Life as an independent greased pig

The single life, for the most part, is largely unappealing to me. I derive no pleasure out of spending excess time at the bar, playing the field, pretending that I'm more Sex and the City than I am, ever was or ever could be.

I do it, of course, because I'm 24 and single and have already spent too much of my life isolated from what is reality. I do it to be with my friends. I do it so I can say that I did. And because I usually have fun, even though it's not really my thing.

A part of the single life that I've grown to appreciate, however, is living on my own.

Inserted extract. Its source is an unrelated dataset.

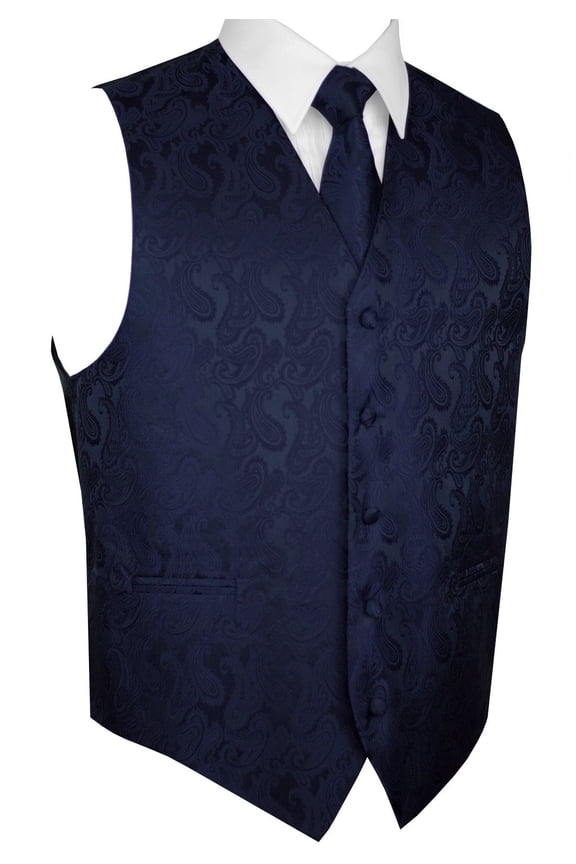 Men's Formal, Prom, Wedding, Homecoming, Tuxedo Vest, Tie & Hankie Set in Navy Blue Paisley - 3XL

It's more than an appreciation, to be honest. I love it. I despise the location and I hate paying for it every month. And pretty much everything else is awesome.

Here is an excellent example: during the wintertime I get painfully dry skin. I am itchy and miserable every day. The only thing that helps me out is a moisturizing routine that is excessive, time consuming and a tad bit ridiculous.

On a cold winter night, you can often find me in front of the television with a bottle of baby oil and a tub of petroleum jelly at my feet. I slather myself, head to toe, in this very greasy and very disgusting combination so as to prevent the dry skin that threatens to drive me batty.

And then, while I continue to watch (trashy reality) television (or Grey's Anatomy) I stand around and wait for the goop to soak in a bit.

(Yes, I stand. I don't want to sit and risk getting grease all over everything.)

Now, if you were living with me and you were greasing yourself up like you were about to commit suicide in a deep fryer? I'd never let you hear the end of it. I'd also give you a really awesome nickname. I would call you Slick.

That's why I'm glad that I live alone. If I lived with someone, be it romantically or in a roommate situation, they would make fun of my daily greasing. Because I attract sarcastic assholes such as myself.

There are many other benefits to living the lonely life.

-I don't worry about bills being paid late, because I pay all of them.
-I leave piles of dirty clothes on the floor if I'm in a hurry and I don't have to feel guilty for making someone else look at my filth.
-I don't worry about there being enough groceries in the house, because I know that there's something I like in the cupboards.
-I dump my hockey bag in the middle of the floor when I feel like it.
-I don't have to sort the mail.
-There isn't anyone to do my laundry wrong.
-I can watch the same episode of The Hills three times without anyone questioning my mental health.
-I wear asinine ensembles to bed without a second thought.
-I can eat what I want, whenever I want. I don't share my food. I don't cook for anyone else.
-If I am feeling like a neat freak, my apartment will definitely be spotlessly clean and all (one) of the beds will be made.
-Nobody touches my shit.

Oh my God.

I just realized that I'm a control freak.

Damn. Maybe that's my problem.

3 comments:

Amy said...

oh, you forgot some other wonderful highlights to being single. I never have to compromise. Want to eat out? Stay in? Movie? DVD? all my choice. Every.single.time. Cereal for dinner six nights in a row? Groovy. Do I want to rearrange the living room, do I want to put the couch in front of the patio door? OKAY! I picked out my own two cats, and my own dog. No compromise on breed, temperment or color. It's all about ME!! (K, not to sound like I'm all that in to me, I would love to NOT be single at some point again, too, but I'll take the perks where I can find them!)

Laurie said...

Oh my. This means I am a control freak too. Somehow I manage to have a roommate and still have control. I must really have issues...

Paul Michael Peters said...

There is a huge job fair at Burton Manor Friday - just FYI if you were up for it.

I have lived alone for years and totally agree.